Ein Thema das die Forstwirtschaft schon seit Jahren beschäftigt, ist die Abgeltung von erbrachten Waldleistungen. Beim Schutz vor Naturgefahren funktioniere das von Bund und Kantonen etablierte System recht gut, heisst es im Artikel von NZZ-Online. Schwieriger sei es bei den Erholungsleistungen. So erlaubt es der Artikel 699 des Zivilgesetzbuches jedem, den Wald unbestritten zu betreten. Die Menschen haben heute viel mehr Freizeit als früher und sie nutzen den Wald als Sportarena. Dies führt jedoch zu Konflikten, weil es die Holznutzung erschwert und die Natur beeinträchtigt.

Die Waldeigentümer werdem zunehmend mit dem Thema Naturschutz im Wald konfrontiert. Die Auseinandersetzung über die Waldbewirtschaftung sei in den letzten Monaten härter geworden. So kam zum Beispiel eine Studie des WWfs kürzlich zum Schluss, dass die Kantone zu wenig für den Naturschutz im Wald tun. Der Verband der Schweizer Waldeigentümer wies den Vorwurf umgehend zurück. Ab 2005 setzt das Bundesamt für Umwelt (BAFU) darum mit dem Projekt «Grundanforderungen an den naturnahen Waldbau» einen Auftrag aus dem Waldprogramm Schweiz um. Das Projekt soll die ökologische Dimension der Nachhaltigkeit bei einer gleichzeitig angestrebten stärkeren Holznutzung sicherstellen. Wie NZZ-Online Rolf Manser, Leiter der Abteilung Wald des BAFU zitiert, soll dabei präzisiert werden, welche minimalen ökologischen Bedingungen bei der Waldbewirtschaftung gemäss geltendem Recht zu erfüllen sind. Während Naturschutzorganisationen solche Minimalanforderungen grundsätzlich begrüssen, haben Kantone und Waldeigentümer Vorbehalte und befürchten eine Anhebung der Anforderungen, ohne dabei entschädigt zu werden, heisst es auf NZZ-Online weiter. Es konnten deshab keine Grundstandarts festgelegt werden und der Bund wurde aufgefordert, das Vorgehen zu überdenken. Anscheinend habe der Vollzug der vorgeschlagenen Biodiversitätsanforderungen nicht zu unterschätzende ökonomische Auswirkungen auf die Forstbetriebe verursacht.

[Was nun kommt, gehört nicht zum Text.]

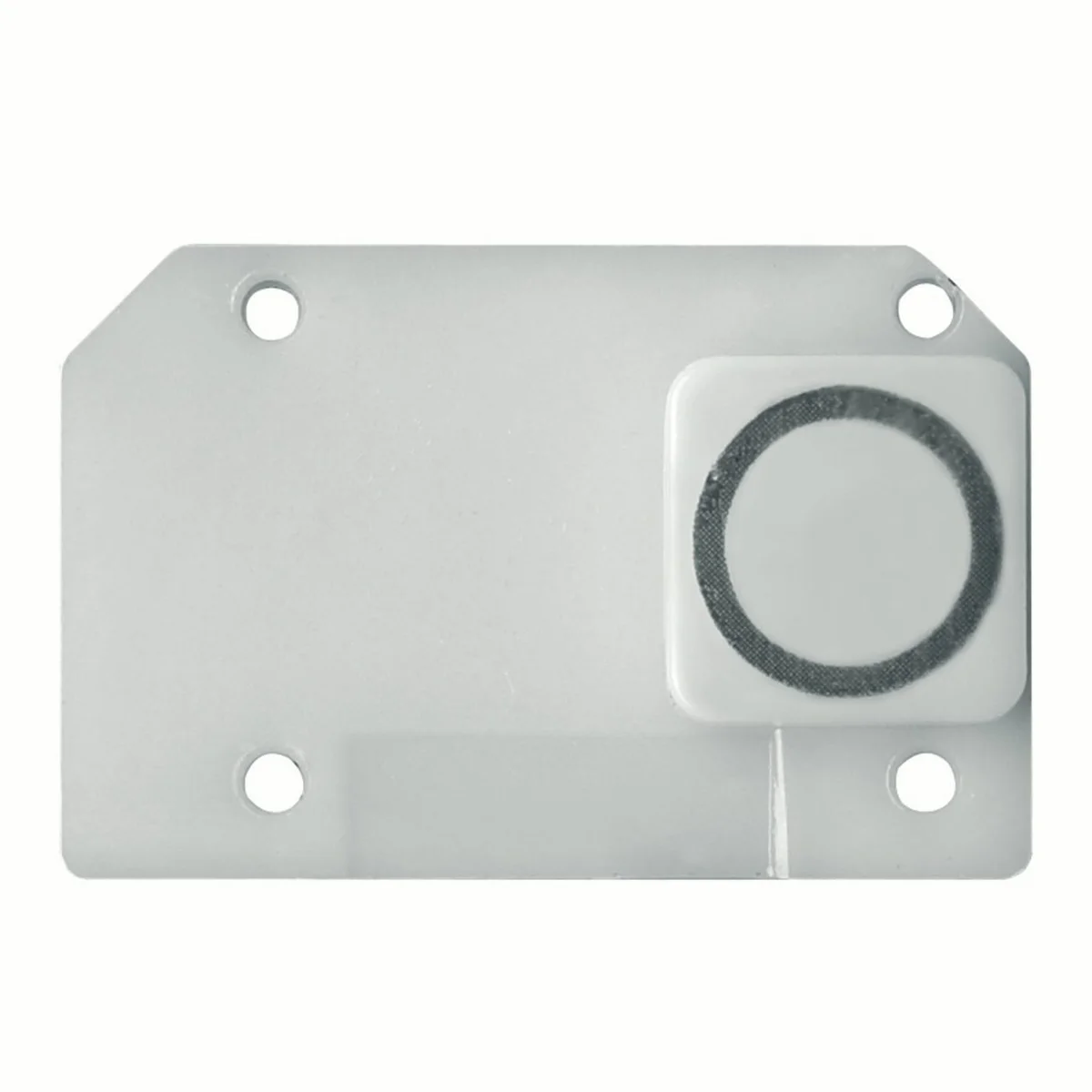 Gewiss GW10510 source-reviewed product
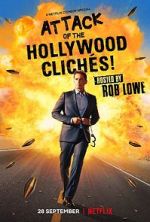 Watch Attack of the Hollywood Cliches! (TV Special 2021) Moviesjoy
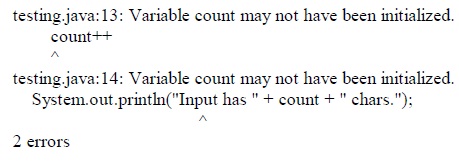 java13 java13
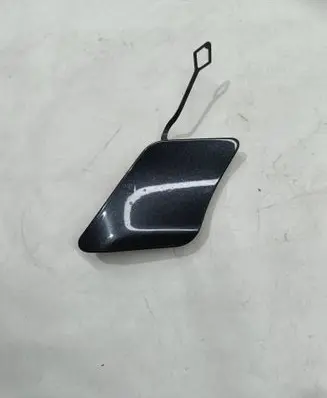 Mercedes-Benz C W204 Front tow hook cap/cover A2048850526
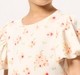 Ed-a-Mamma Kids Girls Sets Multicolor
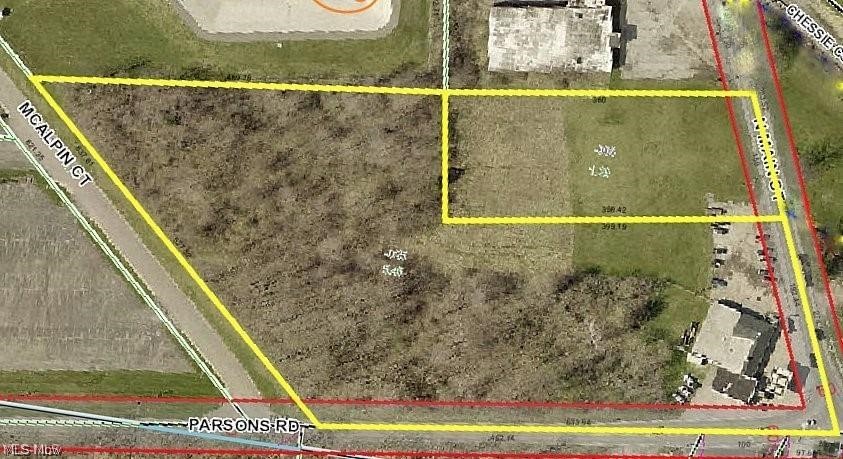 Grafton, Ohio 44044, United States, ,Commercial,Active,75625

Die Kernfrage ist also, wie hoch die Latte beim Naturschutz im Wald anzusetzen ist und wie sich die Leistungen finanzieren lassen. Antwort darauf wird durch die nationale Biodiversitätsstrategie gesucht, die zurzeit durch den Bund erarbeitet wird. Dabei ist nicht ausser Acht zu lassen, dass viele Waldeigentümer aus eigener Überzeugung bereits viel für den Naturschutz leisten.